No rule says all teams are the same size. Different teams need different amounts of engineers. Use the 2 pizza rule.

Team Reporting Structure:

A Product Team is not about reporting relationships.

Normally everyone is an individual contributor and there are no people managers

People on the team typically report to the functional manager

Engineers report to a head of engineering

Product Managers can report to a head of product

This is not about reporting relationships

The PM is not the boss of anyone on the product team

Team collaborations:

Highly skilled people who come together for an extended period to solve hard business problems

Collaboration is at the center of Product

Product / Design / Engineering working out solutions together

This is not a hierarchy

Team Location:

Best companies have learned the value of sitting together

Co-location is best — be close enough to see each other’s computer screens

Special dynamic: Sits together / Eat lunch together / share personal experiences

The co-located team is going to outperform a dispersed team

Team Scope:

What are we responsible for

Product teams need to have responsibility for all of the work

All the projects /features/bugfixes/content changes

Each team is responsible for a smaller but meaningful part of the business at larger companies.

At eBay — Team that protects from fraud or high volume sellers

At Facebook — Teams might be responsible for Newsfeeds or iOS native apps

The concept is highly scalable

Sometimes each team focuses on a different type of user or customer

Sometimes each team focuses on a different type of device

Sometimes each team focuses on a different workflow or customer journey

Sometimes you define the team by the architecture

There’s never a perfect team

Team Duration:

We try hard to keep teams together

Once they work well together it’s beautiful and we try hard to keep that dynamic.

If people are moving from team to team all the time they cannot feel the ownership it’s harder to be passionate about the project.

Team Autonomy:

We need to give teams a significant degree of autonomy

Minimize dependencies between teams (not eliminate)

Why it works:

Product companies moved to this model several years ago

Now it’s the pillar of the strongest teams

Reasons:

  1. Collaboration is built on relationships and product teams (co-located) designed to nurture these relationships
  2. To innovate you need expertise. Durable nature of Product Teams lets people go deep enough to gain expertise
  3. The Dedicated Team Model- The full team needs to understand the business objectives and context. Most importantly the full team needs to feel ownership and responsibility in the father outcome

Principles and techniques:

Chapter 10 — The Product Manager:

Key responsibilities:

Make sure what goes on the product backlog is worth building

On the best teams, engineers and designers wanna see evidence that you’re idea is worthwhile

This role is important: Every business depends on customers, what customers buy or choose to use is your product.

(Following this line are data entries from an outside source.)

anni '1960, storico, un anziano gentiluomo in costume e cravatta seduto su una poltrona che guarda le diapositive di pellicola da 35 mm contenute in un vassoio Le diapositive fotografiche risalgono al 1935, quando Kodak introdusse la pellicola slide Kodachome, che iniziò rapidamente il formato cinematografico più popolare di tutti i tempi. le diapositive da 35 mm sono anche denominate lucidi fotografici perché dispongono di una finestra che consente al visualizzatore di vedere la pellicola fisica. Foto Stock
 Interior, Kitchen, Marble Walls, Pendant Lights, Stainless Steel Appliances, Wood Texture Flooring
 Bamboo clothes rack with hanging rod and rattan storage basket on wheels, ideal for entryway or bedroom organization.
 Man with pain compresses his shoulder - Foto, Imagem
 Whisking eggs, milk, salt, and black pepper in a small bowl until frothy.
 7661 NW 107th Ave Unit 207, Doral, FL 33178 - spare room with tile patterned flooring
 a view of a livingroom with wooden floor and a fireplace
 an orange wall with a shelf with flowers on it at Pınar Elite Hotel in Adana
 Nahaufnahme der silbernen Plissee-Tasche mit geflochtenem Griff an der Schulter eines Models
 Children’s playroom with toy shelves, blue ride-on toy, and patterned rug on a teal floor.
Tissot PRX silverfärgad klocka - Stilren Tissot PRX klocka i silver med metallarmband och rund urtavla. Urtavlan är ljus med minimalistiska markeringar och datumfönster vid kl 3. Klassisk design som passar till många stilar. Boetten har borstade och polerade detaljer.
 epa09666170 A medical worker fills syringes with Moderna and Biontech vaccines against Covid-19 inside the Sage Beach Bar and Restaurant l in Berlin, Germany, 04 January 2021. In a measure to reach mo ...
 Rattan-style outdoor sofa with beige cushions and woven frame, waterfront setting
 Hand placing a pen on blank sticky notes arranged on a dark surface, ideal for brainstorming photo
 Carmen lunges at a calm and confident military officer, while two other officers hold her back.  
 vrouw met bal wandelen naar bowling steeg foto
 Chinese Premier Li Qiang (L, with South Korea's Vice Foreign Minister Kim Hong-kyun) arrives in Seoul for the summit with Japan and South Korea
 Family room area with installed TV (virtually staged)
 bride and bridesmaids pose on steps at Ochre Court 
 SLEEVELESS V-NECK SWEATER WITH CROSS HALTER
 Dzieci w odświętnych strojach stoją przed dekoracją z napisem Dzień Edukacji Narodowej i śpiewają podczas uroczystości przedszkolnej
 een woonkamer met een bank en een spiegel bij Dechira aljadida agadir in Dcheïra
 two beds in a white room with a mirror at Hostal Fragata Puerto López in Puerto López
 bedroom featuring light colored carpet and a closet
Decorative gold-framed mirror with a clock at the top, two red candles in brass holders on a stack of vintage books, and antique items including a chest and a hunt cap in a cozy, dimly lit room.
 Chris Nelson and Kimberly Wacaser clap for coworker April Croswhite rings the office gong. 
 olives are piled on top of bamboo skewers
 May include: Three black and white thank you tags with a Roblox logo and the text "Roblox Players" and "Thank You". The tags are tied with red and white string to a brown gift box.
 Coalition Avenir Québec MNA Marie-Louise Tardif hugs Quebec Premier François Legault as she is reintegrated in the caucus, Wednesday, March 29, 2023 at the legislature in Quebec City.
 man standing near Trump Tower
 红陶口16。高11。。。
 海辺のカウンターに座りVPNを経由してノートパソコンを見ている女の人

The product is the result of what the product team builds. And the PM is responsible for what the product team will build.

This is why we hold the PM responsible and accountable

The team is winning when the team wins

PM fails when the product fails

4 Critical Contributions You Need To Bring To Your Team:

Deep knowledge of the customer:

To make this explicit you need to become an expert of the customer

This is what informs a lot of the decisions that must be made

This requires qualitative learning and quantitive learning

The PM must be an expert on your product

Deep knowledge of the data:

Most PM’s start their day / half an hour or so in the analytics tools

Sales/ Usage / of the last 24hours

PM’s need to know the live and previous data

Deep knowledge of your business:

This means knowing who your key stakeholders are

Succeeding in the job of the product means convincing that you can deliver on products under constraints of stakeholders

Deep knowledge of your market and industry:

Know your competitors

Trends in customer behaviors

Understanding the role of social media in your market

Know how sticky other products are

You need to be substantially better

Your products will need to fit in an ecosystem of other products and add significant value to it

Create products for the future not now

What is possible is constantly changing

3 Critical Contributions You Need To Bring To Your Team Summary:

In some companies, PM’s might need domain experts.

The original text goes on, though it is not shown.